After all, the Indian giant had already made his claim to chess immortality by a five-time conquest of the world championship, a 19-year feat that may well remain unblemished in the history books. Also, his humiliation at the hands of the young Norwegian was so complete that it seemed to mark a point of his decline.
But to the amazement, if not the delight, of chess lovers across the globe, the Tiger from Chennai has now demonstrated that the royal game also has its glorious uncertainties.
Anand, who had failed to win a game in his clash with Carlsen, played unbeaten in the recent Candidates tournament earning a handsome victory against seven of the world’s best and a rematch against the brilliant youngster who had dethroned him.
The Indian icon won three games and drew eleven in the double round-robin elimination contest in Khanty Mansiyisk.
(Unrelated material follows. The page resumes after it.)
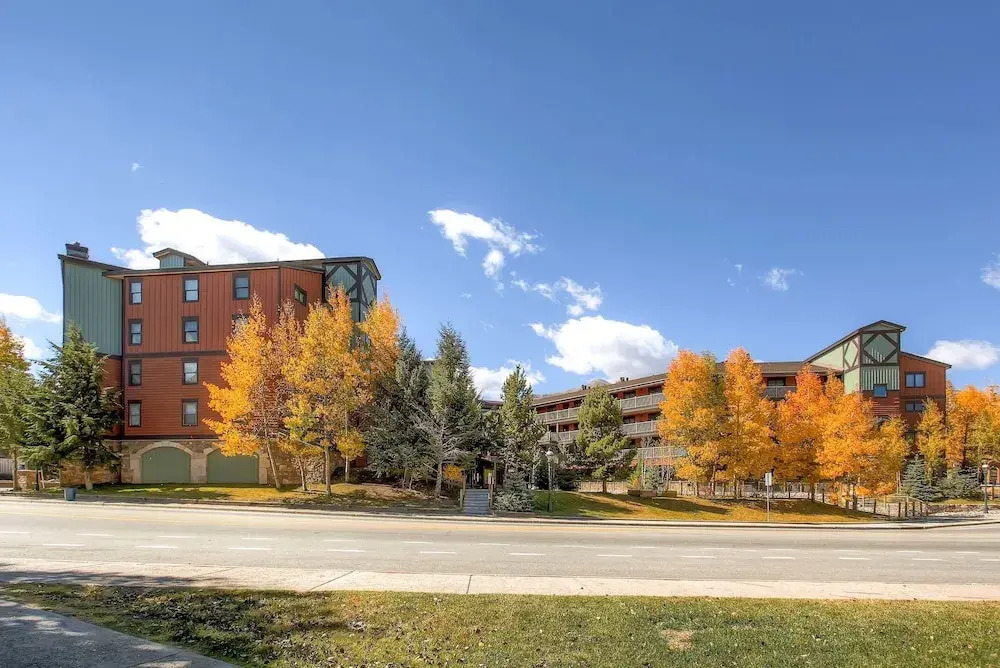 Sawmill Creek Blue Moose Condo: Ski-In, Walk to Main St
He finished on eight and a half points, a full point ahead of second-placed Segey Karjakin. His marathon 91-move draw against the Russian in the penultimate round assured him of an unassailable lead after top seed Levon Aronian suffered a painful upset against world No. 43 Dimitry Andrekin.
Anand opened his re-match campaign with a spectacular win over pre-tournament favourite Aronian, skillfully trapping his opponent’s knight at the edge of the board.
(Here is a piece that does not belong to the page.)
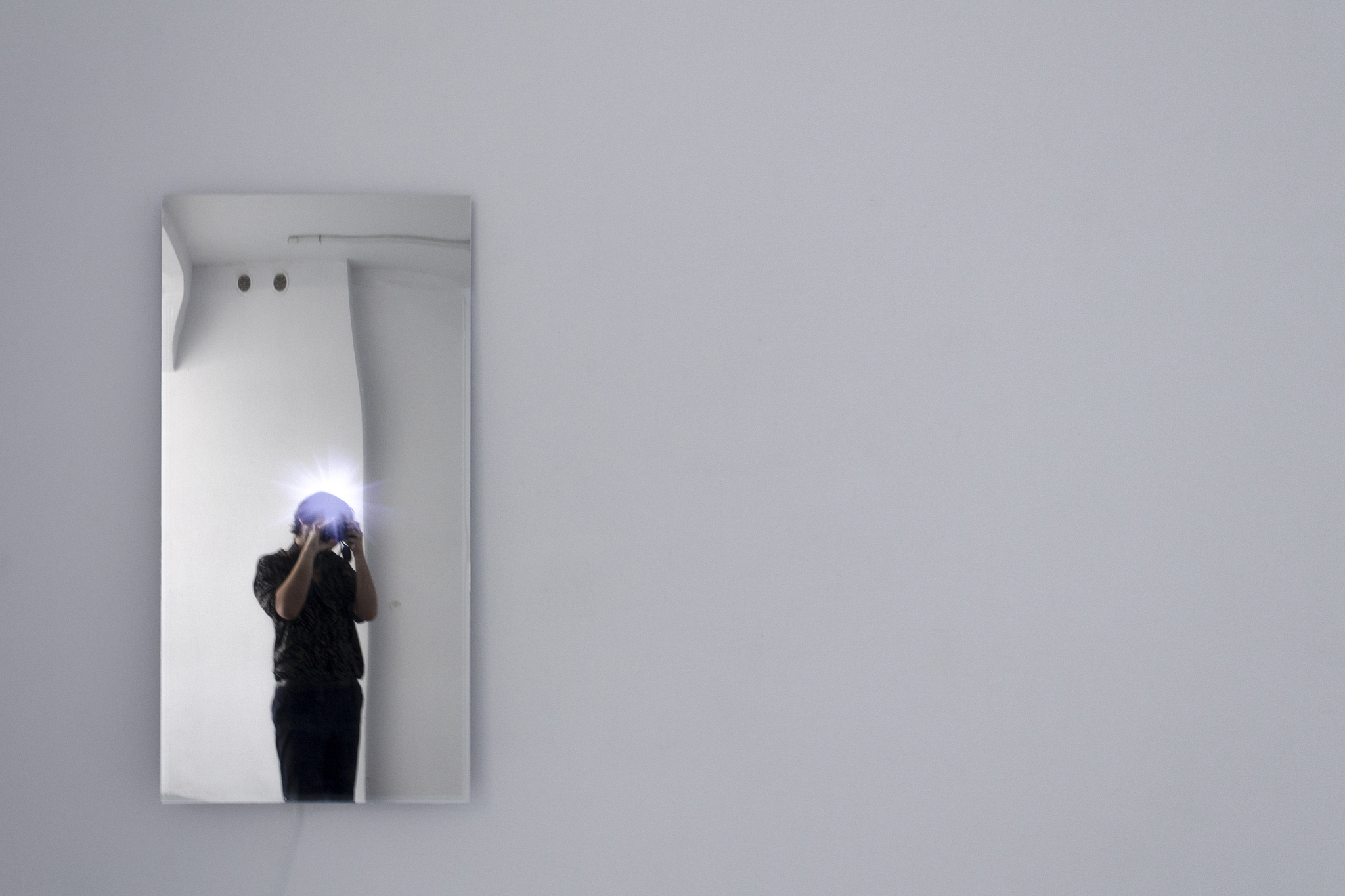 untitled, installation: TV, Venetian mirror, smartphone, augmented reality filter app, 115x59x3 cm, 2023.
In the third round, the ex-champion crushed Mamedyarov with a tactical onslaught, a clear indication that he was back in top form. Round nine produced the turning point as Kramnik and Aronian, both hot on his heels, went under while Anand dispatched his old rival Vaselin Topalov.
Clearly working in Anand’s favour also was the quality of the Candidates where every combatant was capable of bringing down a fancied opponent. And so the story went. The final table made for strange reading, with one player undefeated and every one else losing at least twice.
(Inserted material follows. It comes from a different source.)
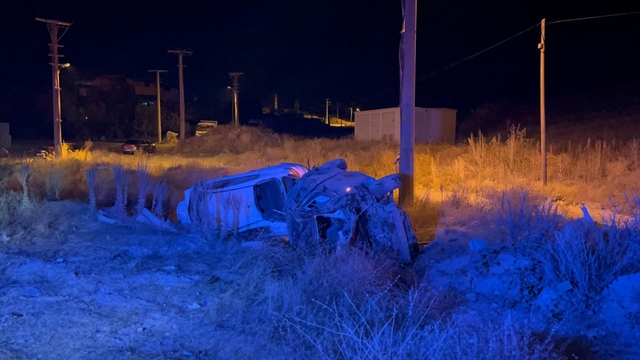 Nevşehir'de otomobil ile hafif ticari aracın çarpıştığı kaza kamerada; 5 yaralı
The Times of India observed: “It is clear that despite losing his ability to churn out masterpieces, Anand’s solidity and risk free chess proved to be a big factor in the Candidates.”
Some commentators have hailed the 44-year-old Indian’s victory as “one of the greatest comebacks in chess history.”
So far, of course, Anand’s performance is certainly impressive, but others feel that his “comeback” would not really be complete if he fails to regain the world title from the young Norwegian who relieved him of it last November.
Whatever the case, the amiable Indian genius has now become the second oldest player in FIDE world chess championship history to win a rematch. Only Vicktor Korchnoi was older (50) when he earned a rematch with Karpov in 1981. Mikhail Botvinnik also dethroned Mikhail Tal in 1961 at the age of 50 but he benefited from the policy of a direct rematch.
Now what do the commentators say about Anand’s chances of achieving an unbelievable sixth reign as world chess champion?
“It’s hard to say if Anand is playing any better than he played against me,” says Carlsen. “But then Chennai was a different kind of game. He is more pragmatic in his approach, maybe too pragmatic at times.”
The legendary Kasparov tweets: “Anand will be the underdog to Carlsen, clearly. But chess history has shown rematches have their own dynamics. Rarely a repeat of the first.”
English GM Nigel Short prophesied that Anand would not succeed in recapturing the world title because “top class chess is a young man’s game.”
One commentator sent this message to Carlsen: “This is not the same Vishy you faced last year. Vishy is coming back for his throne.”
DR’s guess: We’ll just have to wait and see.